#### [Task]
Write out, please, each line from the one containing "User output one" to the final line of the data, both included, exactly and without pictures.

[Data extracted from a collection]

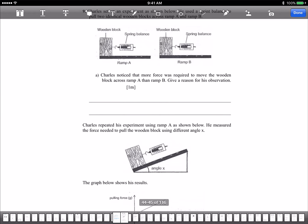Is this forces? Welcome back. This is our new topic on forces.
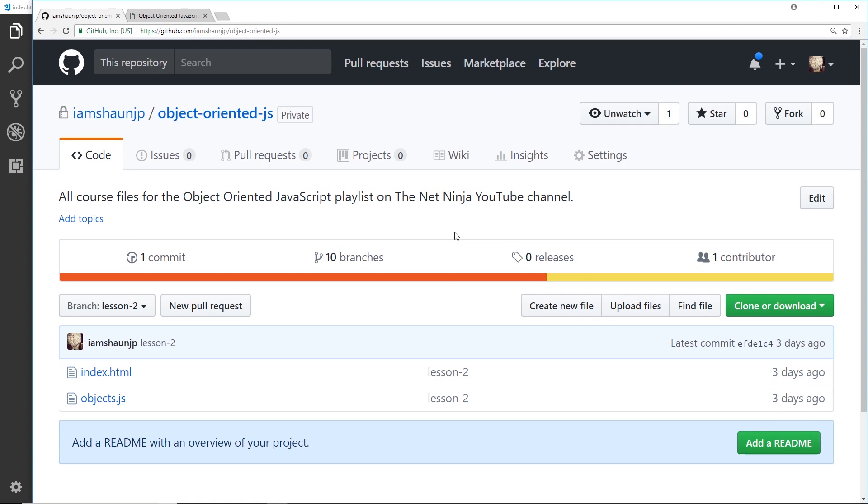Now before we start, I forgot to mention in the last video that I have supplied all of the course files for this series. You can find them on my GitHub page, object-oriented JS, and the link is going to be down below for that.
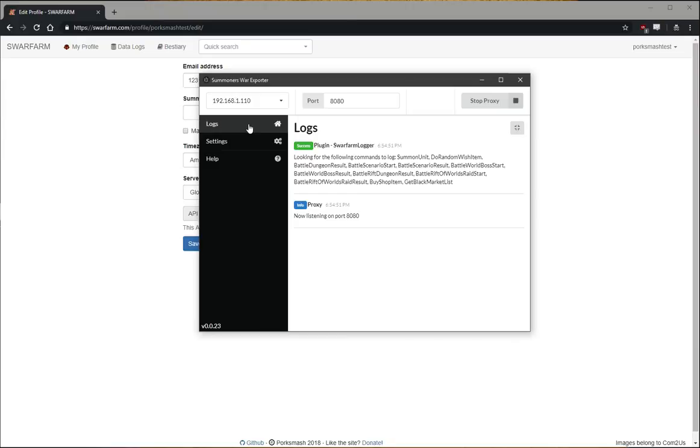What I'm going to do now is open the game on my phone, which is already configured to connect to the proxy. I'm going to fast forward the video because it takes so long.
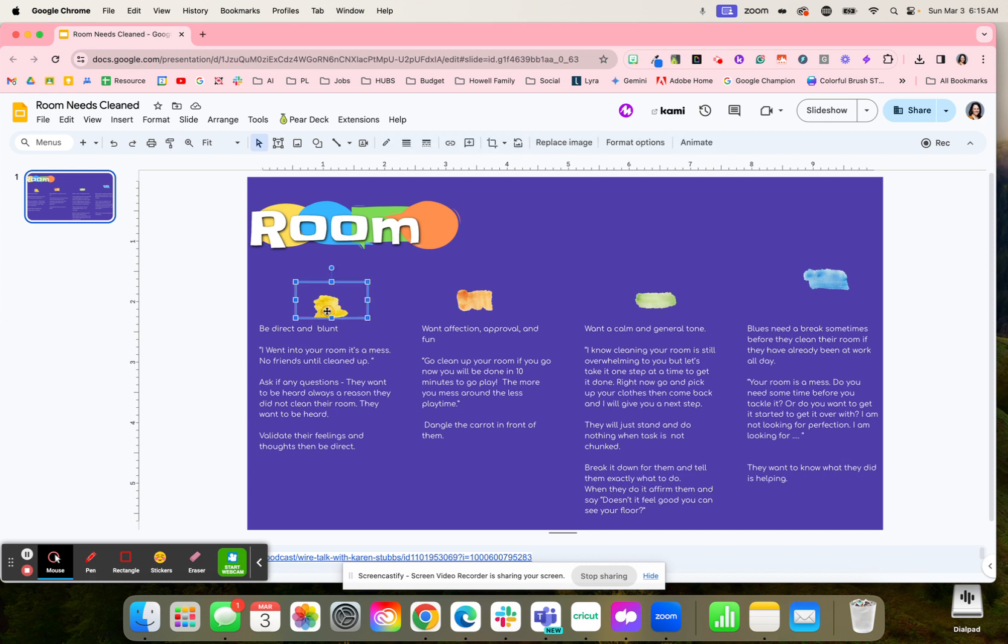If you have a yellow student, you need to be very direct and blunt. You need to just tell them it's a mess, you're not getting friends over until it's cleaned up. Okay. If you ask questions, they're always going to try to reason with you. So again, you just want to be direct and validate their feelings.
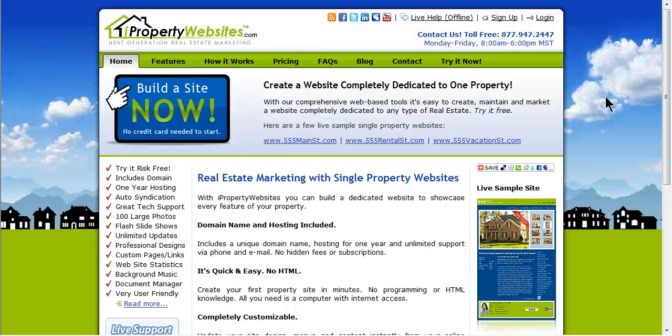Welcome to the iProperty Websites Support video series. In this session we will demonstrate how to post your site to Craigslist.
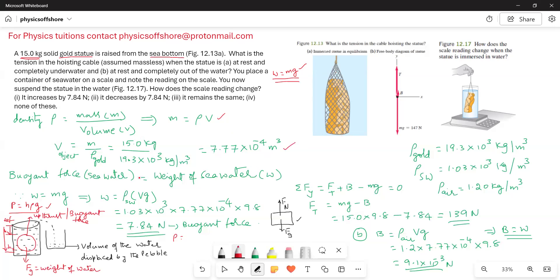Now we find the buoyant force of the seawater, since the statue is on the seabed. The buoyant force equals the weight of seawater displaced: W = density of seawater × volume of object × g. We already found the volume of the object. Multiplying density of seawater by the volume gives the mass of seawater displaced, and multiplying by 9.8 gives its weight — which equals the buoyant force of 7.84 N.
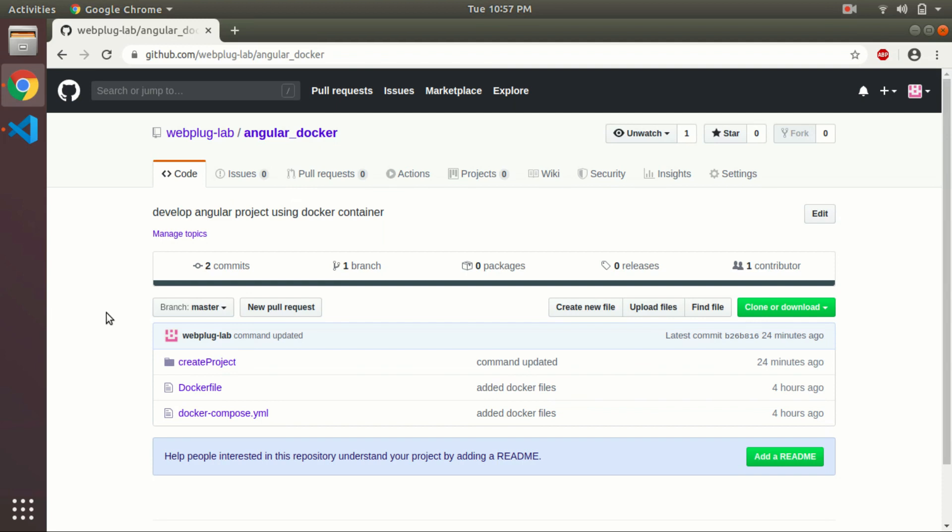Hello friends, welcome back to my channel. Today I will show you how you can develop your Angular project using Docker files, so you don't need to install Node or NPM on your local system.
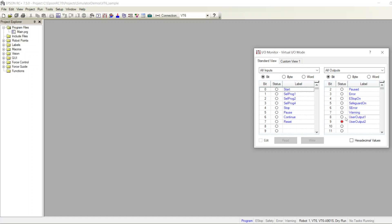User output one did not turn on. The second condition was: if input number one and input number two are both off, then turn on user output two — and here we go, it's on because both of them are off.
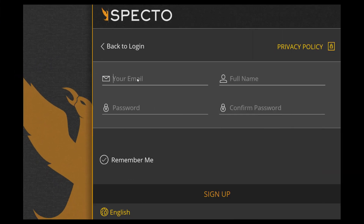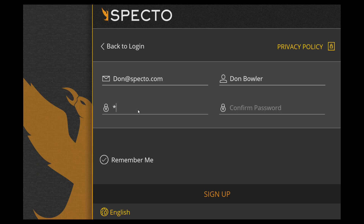Now that you've downloaded the application, you'll need to create an account. Do this by entering your email address, followed by your full name, and create a six-digit password.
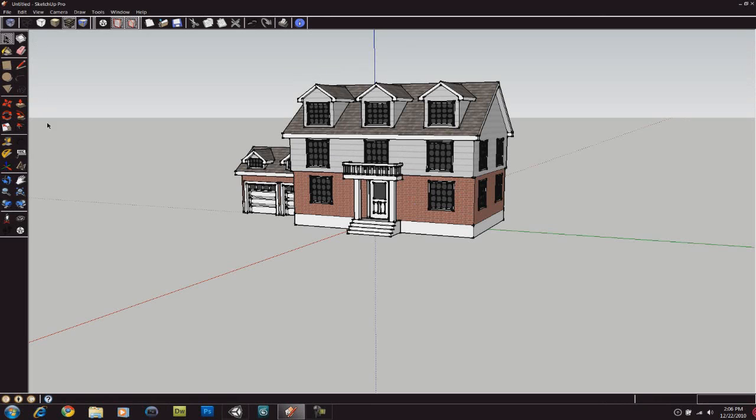Alright, welcome back everyone to another Techzone tutorial. In this tutorial, I'll show you how to import Google SketchUp models into Unity 3D.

#### [Exercise answer]
User output one did not turn on. The second condition was: if input number one and input number two are both off, then turn on user output two — and here we go, it's on because both of them are off.
Now that you've downloaded the application, you'll need to create an account. Do this by entering your email address, followed by your full name, and create a six-digit password.
Alright, welcome back everyone to another Techzone tutorial. In this tutorial, I'll show you how to import Google SketchUp models into Unity 3D.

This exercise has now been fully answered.